Don Bosco aveva veramente san Francesco di Sales nel cuore e nella mente. Ogni anno, la festa del santo Patrono che si faceva allora il 29 gennaio, veniva celebrata all’Oratorio con grande solennità. Diceva: «Il mio spirito e lo spirito di questo oratorio è lo spirito di san Francesco di Sales». Quando Domenico Savio entrò per la prima volta nella stanza di don Bosco, «il suo sguardo – racconta don Bosco – si portò subito su di un cartello, sopra cui a grossi caratteri sono scritte le seguenti parole che soleva ripetere s. Francesco di Sales: Da mihi animas, caetera tolle». I “Salesiani” da lui fondati nel 1859 dovevano avere lo spirito di carità e di zelo che contraddistingueva il loro Patrono.

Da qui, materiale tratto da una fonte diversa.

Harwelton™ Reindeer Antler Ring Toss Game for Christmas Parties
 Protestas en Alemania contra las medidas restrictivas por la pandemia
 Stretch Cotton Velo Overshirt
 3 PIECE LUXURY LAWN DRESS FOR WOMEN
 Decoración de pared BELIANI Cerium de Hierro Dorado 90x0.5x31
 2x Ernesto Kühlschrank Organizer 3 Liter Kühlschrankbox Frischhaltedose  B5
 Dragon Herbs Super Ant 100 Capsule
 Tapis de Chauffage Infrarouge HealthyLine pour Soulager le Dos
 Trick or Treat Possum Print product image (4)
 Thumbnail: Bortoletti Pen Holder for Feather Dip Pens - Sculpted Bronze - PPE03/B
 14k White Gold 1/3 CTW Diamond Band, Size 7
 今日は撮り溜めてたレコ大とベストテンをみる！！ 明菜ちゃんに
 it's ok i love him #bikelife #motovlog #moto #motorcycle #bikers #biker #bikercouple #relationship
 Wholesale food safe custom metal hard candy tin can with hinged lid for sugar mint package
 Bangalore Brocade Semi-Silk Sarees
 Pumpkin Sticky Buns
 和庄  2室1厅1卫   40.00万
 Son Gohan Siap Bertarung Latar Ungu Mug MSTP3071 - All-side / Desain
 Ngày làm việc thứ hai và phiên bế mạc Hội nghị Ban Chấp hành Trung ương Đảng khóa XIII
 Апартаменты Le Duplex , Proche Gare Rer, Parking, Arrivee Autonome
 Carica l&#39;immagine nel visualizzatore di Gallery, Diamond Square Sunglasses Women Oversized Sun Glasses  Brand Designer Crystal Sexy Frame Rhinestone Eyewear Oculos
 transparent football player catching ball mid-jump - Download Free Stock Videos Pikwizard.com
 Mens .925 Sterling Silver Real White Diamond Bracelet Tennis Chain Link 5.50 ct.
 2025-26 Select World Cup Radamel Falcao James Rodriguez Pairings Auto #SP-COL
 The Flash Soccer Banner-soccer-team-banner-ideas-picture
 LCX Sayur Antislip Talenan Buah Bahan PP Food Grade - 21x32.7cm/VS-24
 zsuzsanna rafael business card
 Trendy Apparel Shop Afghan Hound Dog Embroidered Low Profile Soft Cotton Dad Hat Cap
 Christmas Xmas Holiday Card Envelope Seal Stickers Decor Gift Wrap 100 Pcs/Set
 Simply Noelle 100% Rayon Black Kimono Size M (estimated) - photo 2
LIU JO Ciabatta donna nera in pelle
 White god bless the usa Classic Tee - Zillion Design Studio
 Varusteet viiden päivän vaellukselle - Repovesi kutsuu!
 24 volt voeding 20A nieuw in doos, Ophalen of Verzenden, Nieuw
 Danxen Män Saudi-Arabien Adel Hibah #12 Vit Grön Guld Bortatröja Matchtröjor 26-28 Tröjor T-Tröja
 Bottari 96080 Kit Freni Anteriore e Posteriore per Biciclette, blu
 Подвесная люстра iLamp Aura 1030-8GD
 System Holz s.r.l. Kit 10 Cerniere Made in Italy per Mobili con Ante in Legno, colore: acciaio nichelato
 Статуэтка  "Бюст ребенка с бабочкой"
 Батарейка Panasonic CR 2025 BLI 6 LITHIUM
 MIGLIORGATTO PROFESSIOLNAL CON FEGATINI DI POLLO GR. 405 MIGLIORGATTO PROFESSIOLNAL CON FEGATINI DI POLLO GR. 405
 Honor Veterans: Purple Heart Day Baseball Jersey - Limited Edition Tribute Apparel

Quando don Bosco decise di dare inizio all’Istituto delle Figlie di Maria Ausiliatrice, la data scelta per fare le prime elezioni in vista della costituzione del primo capitolo superiore con Madre Mazzarello, fu proprio il 29 gennaio 1872, “il bel giorno di san Francesco di Sales”, come dice la cronaca. D’altronde è risaputo che in molti posti dove lavorano, le Figlie di Maria Ausiliatrice vengono spesso chiamate Suore Salesiane.
Don Bosco si rallegrò molto quando Pio IX dichiarò solennemente nel 1877 san Francesco Dottore della Chiesa. In quell’occasione, le Suore della Visitazione di Annecy gli chiesero di partecipare alla decorazione della loro chiesa in onore del “Dottore della carità”. La risposta fu subitanea: «Voto del mio cuore sarebbe che la nostra congregazione, posta sotto la protezione dell’amabile Dottore, avesse in cotesto santuario un altare a testimonianza della nostra divozione». E così fu fatto.
In quegli anni, la devozione al Cuore di Gesù conosceva un notevole sviluppo. A Roma, don Bosco fu incaricato da Leone XIII di costruire la basilica del Sacro Cuore. Bisogna ricordare a questo proposito che san Francesco di Sales è colui che ha seminato i germi di questa devozione. Niente dunque di strano se fu proprio una sua figlia spirituale, santa Margherita Maria Alacoque, a ricevere le rivelazioni del Sacro Cuore a Paray-le-Monial.
Durante il famoso viaggio a Parigi nel 1883, don Bosco volle compiere un pellegrinaggio “salesiano”. Sapendo dell’esistenza della famosa statua della Madonna Nera di Parigi, davanti alla quale amava pregare il giovane Francesco, si recò nella chiesa dove si trovava e scrisse in francese nel registro delle Messe: «Abbé Jean Bosco, superiore della Pia Società Salesiana, raccomanda a S. Francesco di Sales tutte le opere di cui S. Francesco è il Patrono».
Don Bosco morì il 31 gennaio 1888. Due giorni prima, proprio il 29 gennaio, festa del Patrono, aveva ricevuto per l’ultima volta la santa Comunione. Si riteneva che quel giorno il pellegrinaggio di don Bosco era finito, anche se il Signore sia poi venuto a prenderlo più tardi, il mattino presto del 31. «Come se san Francesco fosse venuto a cercarlo», si diceva.